- [Material supplied]
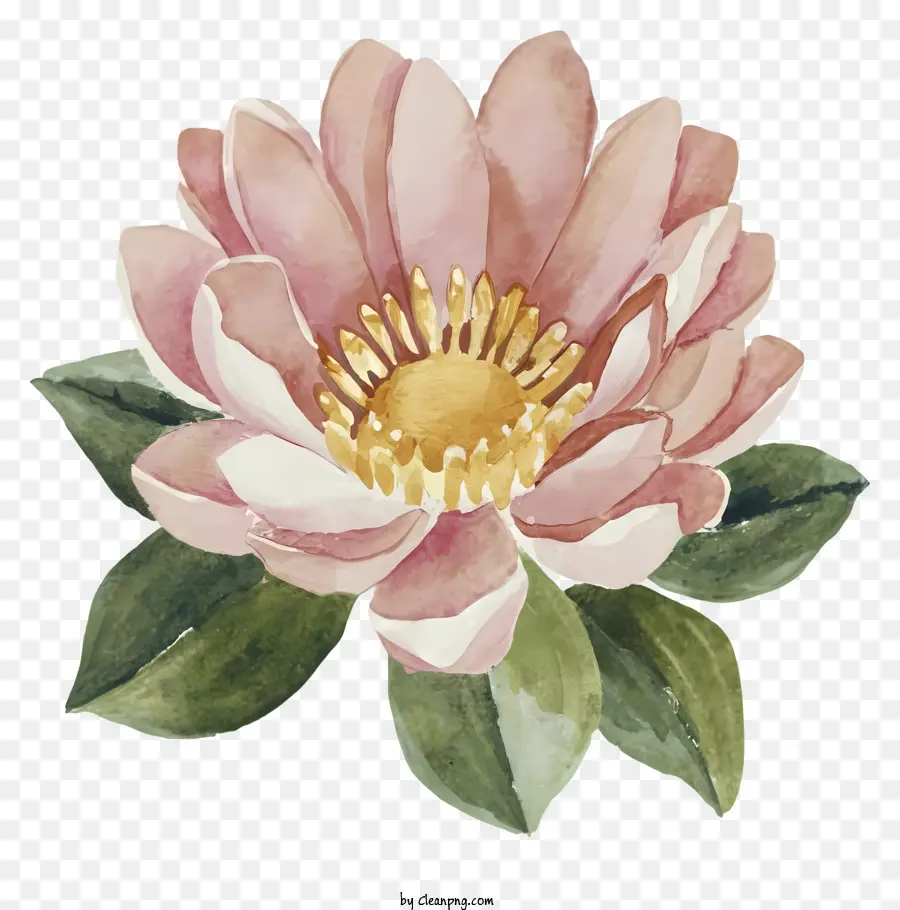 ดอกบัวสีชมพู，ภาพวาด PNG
--
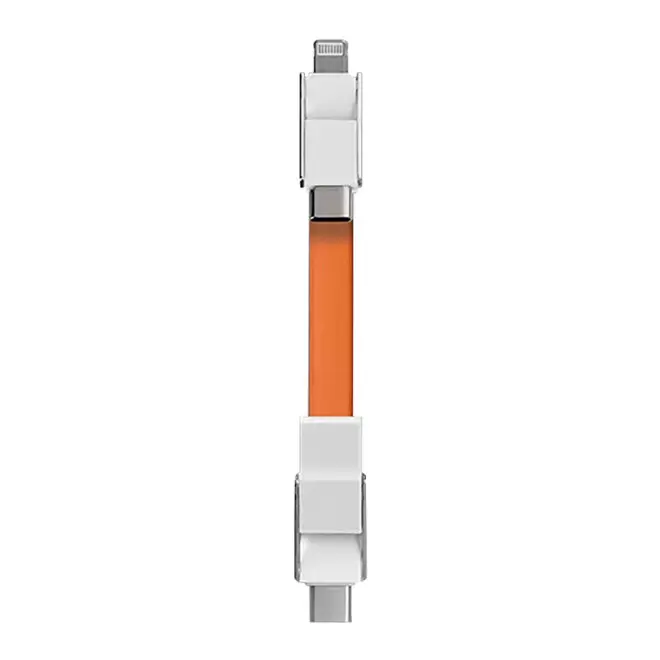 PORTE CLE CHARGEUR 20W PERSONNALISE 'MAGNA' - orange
* * *
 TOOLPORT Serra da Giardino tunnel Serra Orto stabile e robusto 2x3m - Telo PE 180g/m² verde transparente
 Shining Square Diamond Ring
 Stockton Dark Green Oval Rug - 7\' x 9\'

- [Task brief] Every line above from the line with "TOOLPORT Serra da" to the line with "Stockton Dark Green Oval Rug - 7\' x 9\'", both included, must be reproduced exactly, and no other line may appear.

- [Exercise response]
 TOOLPORT Serra da Giardino tunnel Serra Orto stabile e robusto 2x3m - Telo PE 180g/m² verde transparente
 Shining Square Diamond Ring
 Stockton Dark Green Oval Rug - 7\' x 9\'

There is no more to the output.